It would be difficult to invent an occasion better designed for social discomfort than the end-of-convention dinner with its incompatible mix of stale etiquette, corporate protocol, culinary sensitivities, age, gender and cultural frictions all squeezed into a few short hours that, for many participants, seem like an eternity.



Pity the poor association meeting planner (for it is in this field that the tradition survives in its purest form), required to devise a social activity in which the preordained ingredients leave scope for nothing more creative than changing the colour of the table linen.



The evening’s schedule must include a drinks reception, a dinner of at least four courses, a speech by the chairman, another by the principal guest, a series of toasts, the presentation of awards, dancing and then—to show that the organisation isn’t as old-fashioned as the previous four hours have conclusively proved—a disco.



Given the diversity of delegates at most association conventions, few of them will enjoy all these ingredients. For the younger attendees, the reception and the disco fail to compensate for the dinner discomfort and the tedium of the speeches. For the older ones, failing digestion, hearing and prostate glands make the meal an ordeal. Women (who are promoted to “ladies” for the occasion) are invariably disappointed by the men whom they are placed next to, but at least they have the pleasure of putting on a party frock. Generally speaking, men do not share women’s enthusiasm for dressing up. This may be because dress shirts shrink two sizes between uses.



Protocol demands that men and women should be seated alternately at the dinner table. This is arguably the most ridiculous piece of social etiquette since the invention of the fish knife and, fortunately, is increasingly ignored. Any good host will tell you that compatibility and mutual interests should determine a seating plan—not gender.



Would any half-professional meeting planner dare to inflict on delegates, in an auditorium, the levels of discomfort that are deemed acceptable at a banquet? No. Ten guests to a round table ensures that some can’t see the speakers and, as if the room wasn’t hot enough, everyone stokes up on calorific food eaten off warm plates. To further challenge the air conditioning, each table has a candle.

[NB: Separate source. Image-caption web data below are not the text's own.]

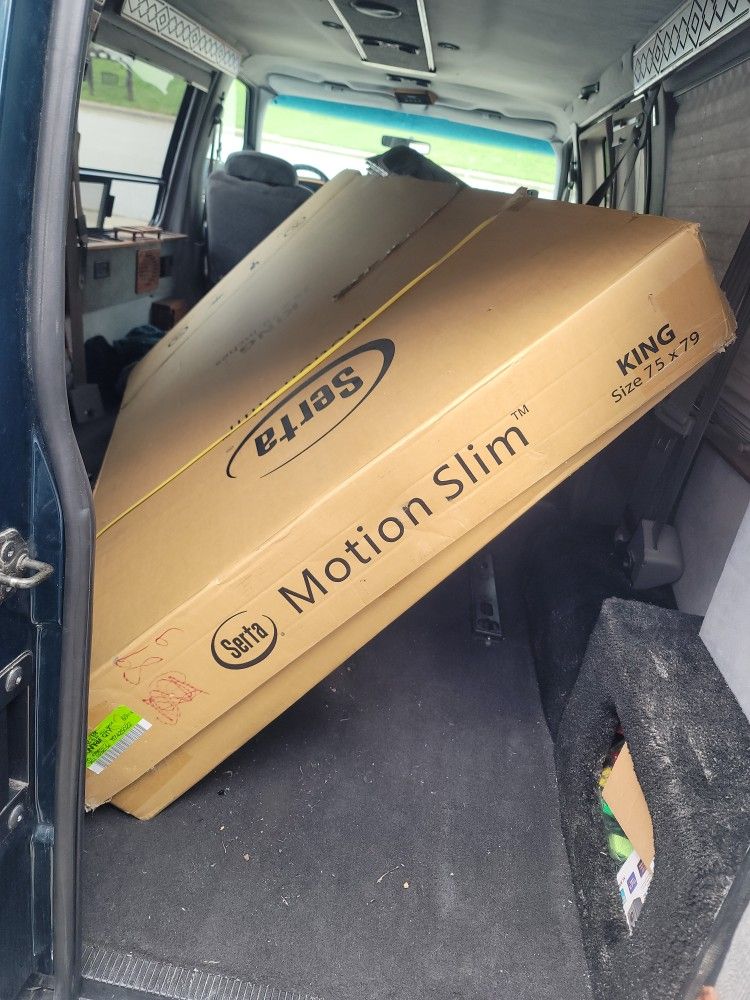 Serta Slim Motion Adj. King Bed NIB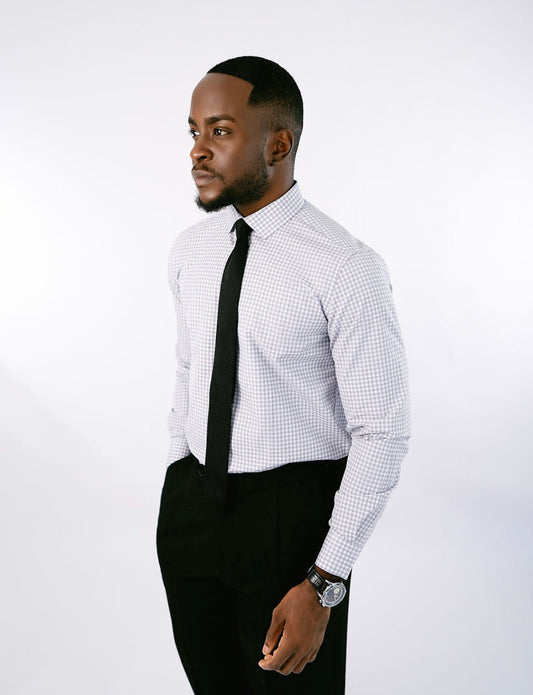 🎁 Grey checkered shirt (100% off)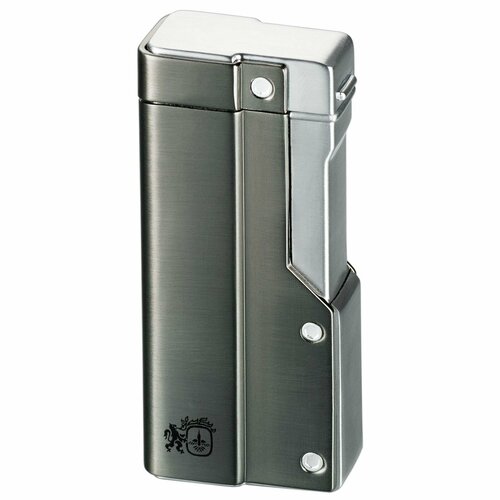 Зажигалка газовая турбо Colibri OF LONDON Trinity Satin Gunmetal & Satin Silver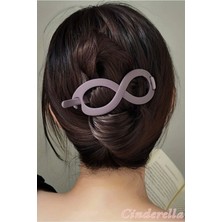 Sonsuz Şekilli Kadın Bahar Saç Tokası Mürdüm - Sade ve Şık Klipsli Saç Topuz Tokası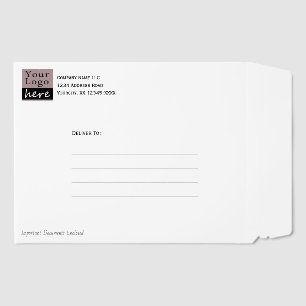 Minimal Logo QR Code Rigid  Envelope Mailers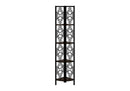 4 Tier Corner Bookshelf Bookcase for Office, Transitional Style by HouseOfZazla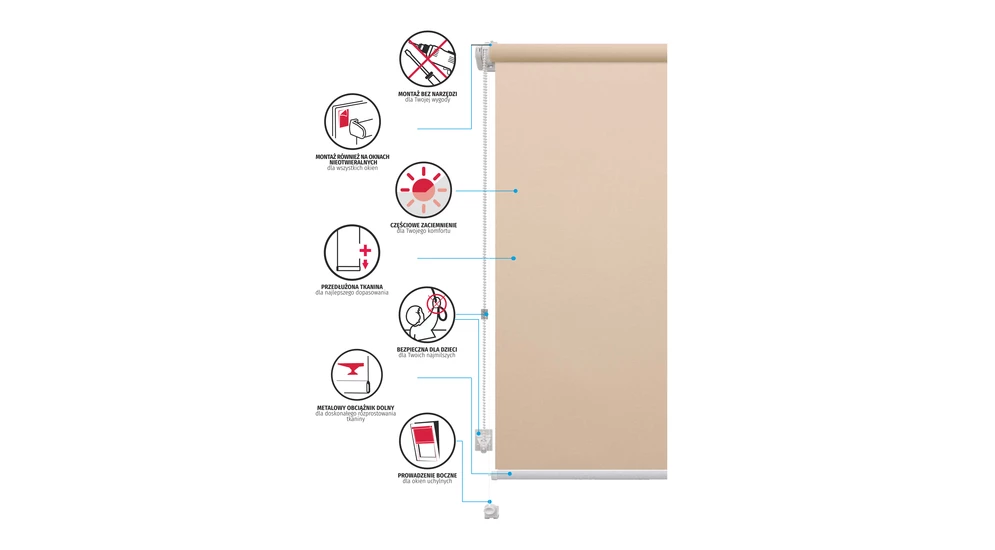 Roleta MINI MADRYT 57x160 cm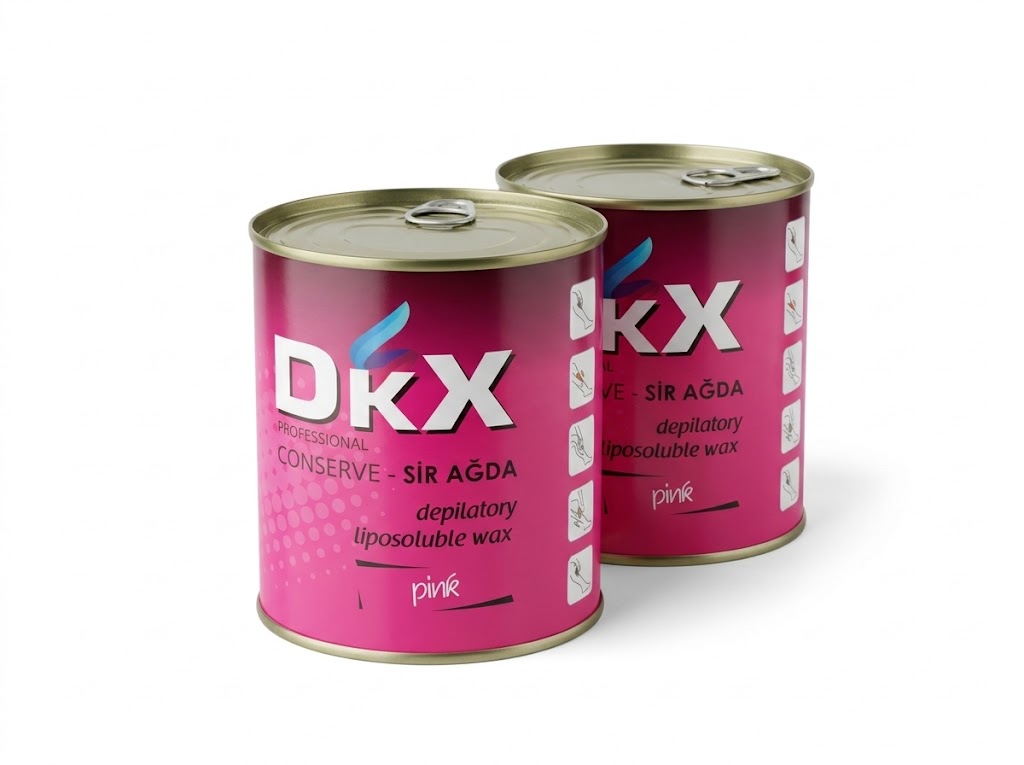 DKX Professional Pembe (Pink) Konserve Sir Ağda (800 ml)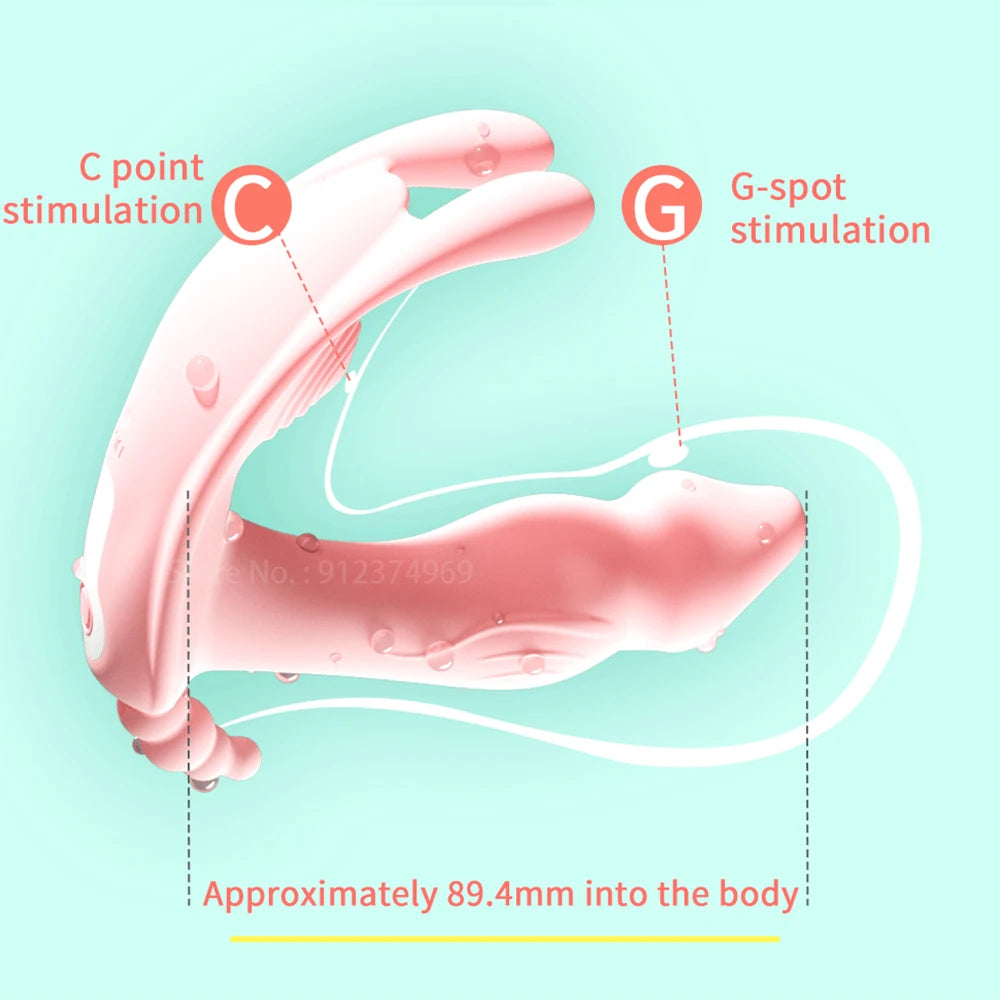 PANTY VIBRATOR - Discreet mini vibrator for panties with remote control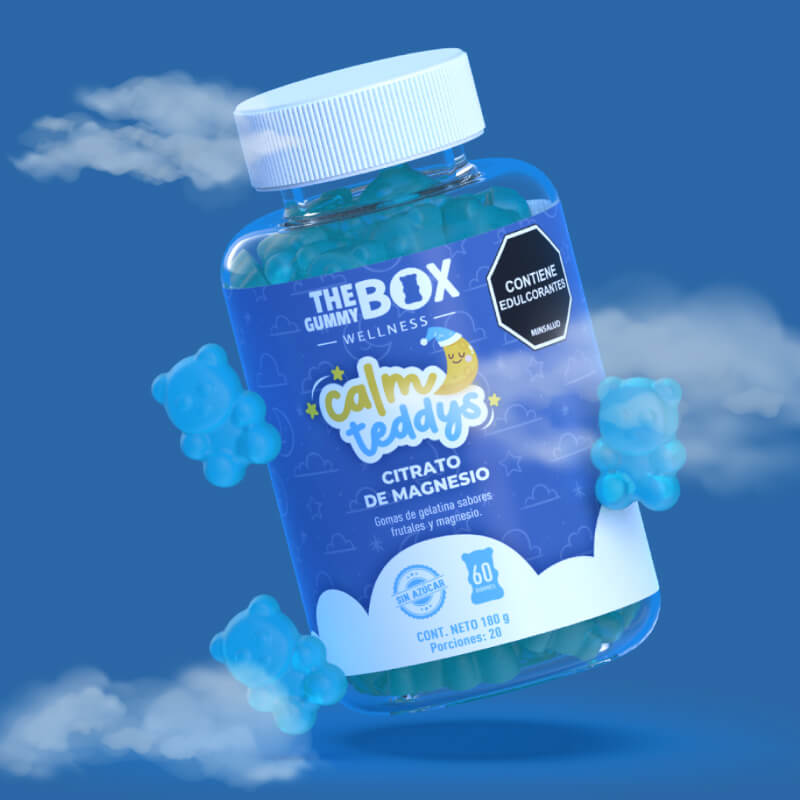 💤 Calm Teddys Gomitas para Dormir 🧸 Para Niños (60 Und.)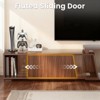 Belord Extendable TV Stand with Sliding Doors, Minimalist Rectangular Entertainment Cabinet - 3 of 4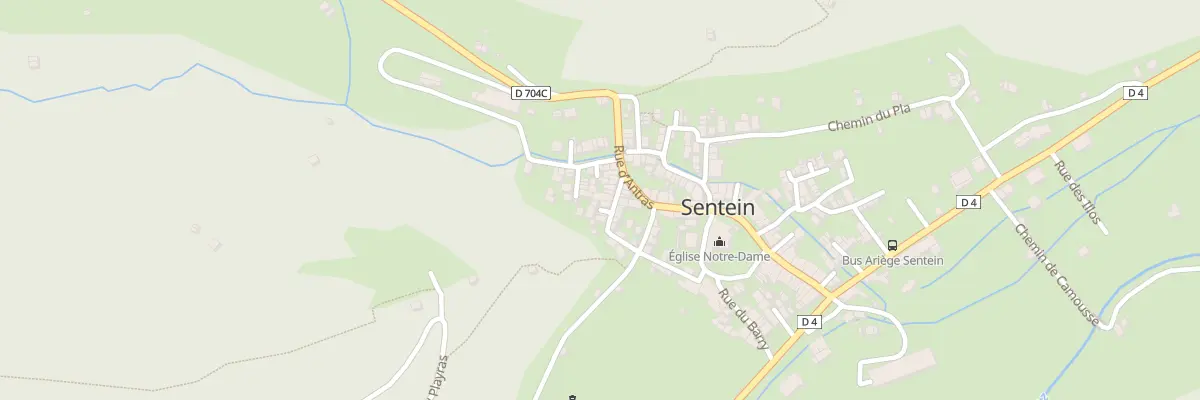 Plan du 88 Le Village à Sentein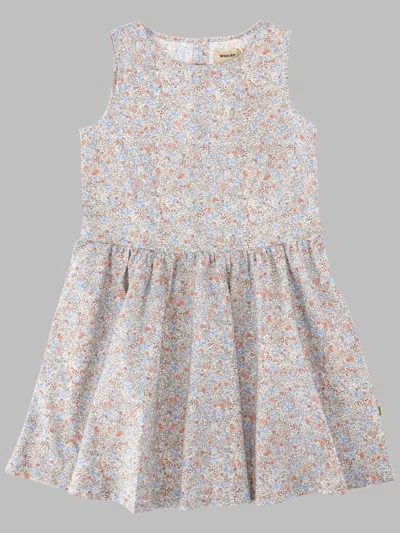 Wheat Mini Dress For Girls - Spring/summer 2026 In Grey
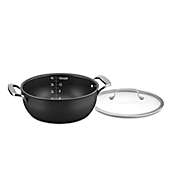Cuisinart&reg;DS Induction Ready Hard Anodized Nonstick 5-Quart Dutch Oven With Cover in Grey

It is a physiological fact that women feel the cold more than men, so, of course, the ladies appear in backless, strapless, insubstantial little numbers (invariably black) which attract welcome attention and an unwelcome chill—while conformity demands that the gentlemen perspire in tuxedos. But I digress.



So the meal has ground to an indigestible conclusion, toasts have been drunk and the awards presented. The chairman has finally sat down to lethargic applause, so it is time for the band to strike up with a tune that only 25 percent of those present will recognise as music and to which no one will dance.



By this time (midnight), the ambient noise has reached battlefield level ensuring that conversations with foreigners—especially Virginians—have become impossible.



Most of the men would rather talk than dance, and most of the women would rather dance than talk. But the single girls have a problem: since most of the younger generation is propping up the bar, their choice of dancing partners is limited. They can choose from another woman, a septuagenarian, a drunk, their own handbag or the Greek they were sitting next to at dinner. (It’s a particularly bad evening if all they can find is a drunk old Greek with a handbag.)



But it is at this point that the group—which has been held together all evening by the glue of conformity—really splits up. The very old and the married couples go to bed, the very young escape to joust, sweatily, in the disco, while the middle-aged singles bribe the barman to remain at his post so they can rearrange the world.



Ironically, because everyone ends the evening doing what they enjoy, the event will be regarded as a considerable success. Such is the amnesic power of alcohol.